I then marked centres on the MDF for each glass. This would give me a point to drill with the hole saw. I needed to double up the thickness of MDF because of the size of flush trim router bit I have. I only wanted a 5mm deep recess but with one layer of 18mm MDF I couldn't achieve that so 2 layers were needed. They were just joined together with screws.
I could then drill the holes all the way through the MDF. That's the jig done.
The jig gets clamped along with the walnut piece. Make sure all the edges are lined up flush with each other. Then using a flush trim bit in the router I could removed the material inside the holes. The bearing rides along the edge of the hole to give a nice crisp edge.
Step 4: Create Legs
I wanted to use Maple for the legs to create a nice contrast. I cut a 45 degree angle on them at the mitre saw.
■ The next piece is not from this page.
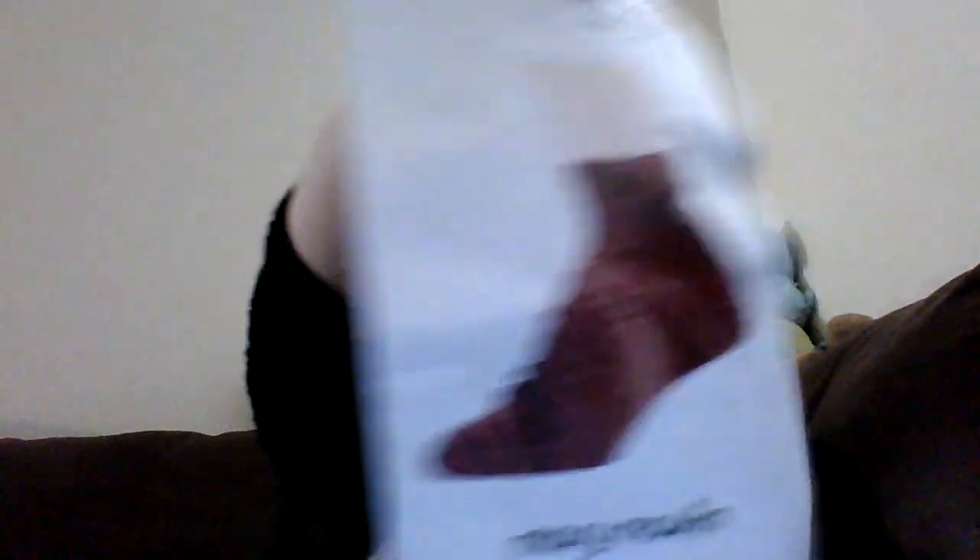Typically the socks they'll send patterns for are the longer leg socks. I don't usually make those, but these are ankle socks for this month, which is almost perfect for me. It looks like it's a lace ankle sock pattern. The yarn that came with it is the Mary Maxim silk merino, which is a merino wool and nylon silk blend. So there it is in the colorway — where is the colorway? Let me see, I think it'll say on the pattern.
To create the rebates for the legs I used a jig. This jig works great. It clamps on to your table saw fence. You can then reference the centre piece (1) to the right hand side of your blade. Reference the back piece (2) to the left hand side of the blade and then you simple reference the thickness of the material you want to fit. In this case that's the legs. They are held flush with the back section (2) and then the front piece (3) is snugged up tight to the edge of the legs.
Now with the mitre gauge on the saw you first hold the walnut against the centre piece (1) and make a cut. Then hold the walnut against the front piece (3) and make a cut. Then you just need to remove the material in between those two cuts for a perfect fit.
I had some chip out so to deal with that I added a 45 degree chamfer around the bottom edge using the router. I also thought the legs were too bit so I cut them shorter.
The legs simply get glued into place after everything got sanded to 240 grit.
Step 5: Finish the Base
I covered the bottom of the legs with painters tape. This is to keep the spray lacquer of them. I'll be using a spray adhesive on them later and it adheres better to bare wood.
The bottom and top of the base got 3 coats of spray lacquer.
When dry, I removed the painters tape and cut some black felt baize oversized to fit on them. I sprayed the two pieces with spray adhesive and let then sit a little while to become tacky. Then I could simply apply them to the bottom of the legs. I made sure to press them on firmly. After about 20 minutes I used a pair of scissors to cut the felt flush to the maple legs.
Step 6: Done
That's it all done. I really hope you liked the project. There is a lot of different ideas you can take from this, etching different designs on different glass, a different style of base even. Let your creativity run wild.